Student: Rebecca Kane, G00320698
Module: Emerging Technologies / 4th Year
Lecturer: Dr Ian McLoughlin
Project Specification
Digit Recogniser is a web application that will recognise digits in images uploaded by a user. The project was developed in Python3, using Flask and TensorFlow. The front-end was built using HTML, Bootstrap and jQuery.
The MNIST database was used to train the neural network model. The database contains 70,000 handwritten digits, 60,000 for training and the remaining 10,000 for testing. This project was trained using 2,500 images from the training set.
-
Create a web application in Python to recognise digits in images.
-
Users can visit the web application through their browser and submit or draw an image containing a single digit.
-
The web application will respond with what it thinks the user's digit is.

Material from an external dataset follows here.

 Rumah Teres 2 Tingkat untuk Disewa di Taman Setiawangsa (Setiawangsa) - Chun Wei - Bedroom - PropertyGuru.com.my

To clone this repository to your own machine, open the command line in the directory you wish to clone into and run git clone https://github.com/rebeccabernie/EmergingTechProject.git
- the checkpoints folder (explained below) is around 40mb in size so the repository may take a few minutes to download. Once the project has been cloned, type cd EmergingTechProject
to open the project's directory.
The project requires Python 3, Flask, and TensorFlow. If you haven't got Python 3 installed, I'd recommend using a distribution like
Anaconda, which simplifies installation and can be used to manage packages and updates. Pillow and Numpy are used by the program to process and manipulate a given image into the right format for TensorFlow to perform operations on, so these libraries are also required. To install any of the above, run pip3 install xyz
on the command line in the project folder, where xyz is the component to be installed - e.g. pip3 install pillow
.
See full installation guides for each of the components for more detail: Flask, TensorFlow, Pillow, Numpy.
Note that the Numpy guide contains information for SciPy's other packages, which are not needed - only Numpy is required.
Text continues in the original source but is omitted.